= TASK ITEM =
Return the listing verbatim, images left out.

= SOURCE MATERIAL =

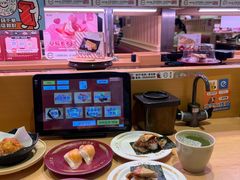 -寿司郎(皇庭广场店)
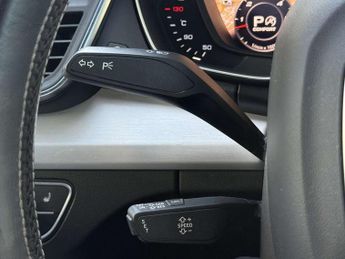 Audi Q5 SQ5 TDI Quattro 5dr Tiptronic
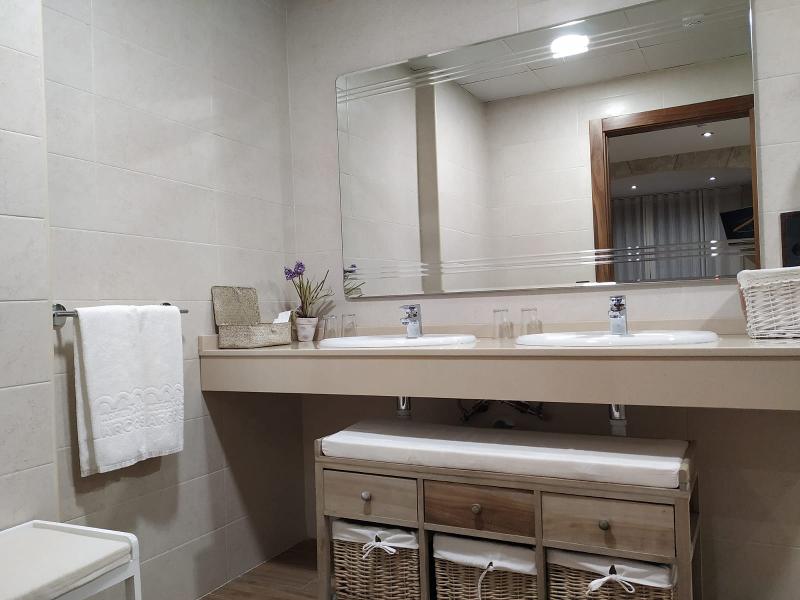 Hotel Arcos Catedral - Oda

= COMPLETED TASK =
 -寿司郎(皇庭广场店)
 Audi Q5 SQ5 TDI Quattro 5dr Tiptronic
 Hotel Arcos Catedral - Oda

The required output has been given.